START Recorded data
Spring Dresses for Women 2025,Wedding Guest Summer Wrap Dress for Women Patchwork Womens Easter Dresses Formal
END Recorded data
START Recorded data
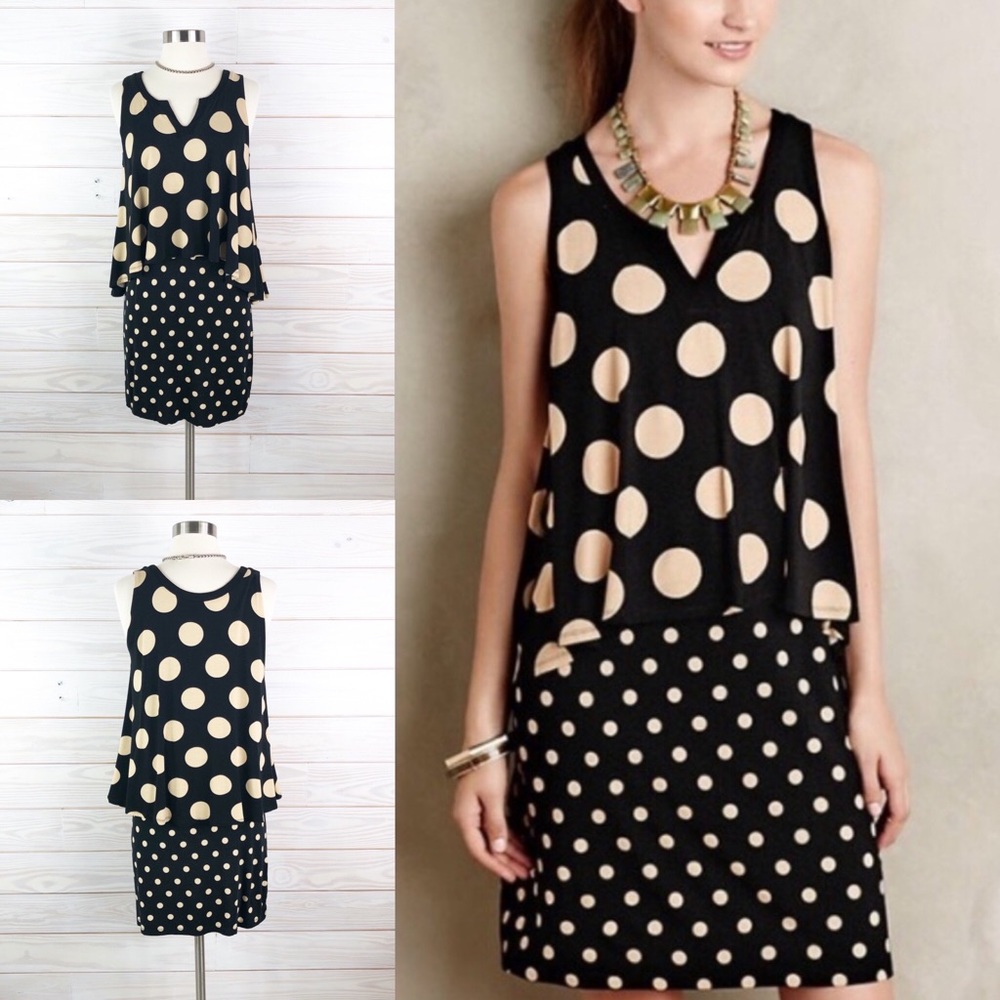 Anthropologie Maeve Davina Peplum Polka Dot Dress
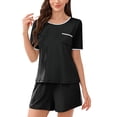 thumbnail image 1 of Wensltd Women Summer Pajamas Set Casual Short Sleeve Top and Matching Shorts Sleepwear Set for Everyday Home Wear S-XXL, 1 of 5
END Recorded data
_What this task involves_
Leaving out each picture, repeat exactly the lines above from the one that contains "Anthropologie Maeve Davina" through the one that contains "thumbnail image 1".

_Task answer_
 Anthropologie Maeve Davina Peplum Polka Dot Dress
 thumbnail image 1 of Wensltd Women Summer Pajamas Set Casual Short Sleeve Top and Matching Shorts Sleepwear Set for Everyday Home Wear S-XXL, 1 of 5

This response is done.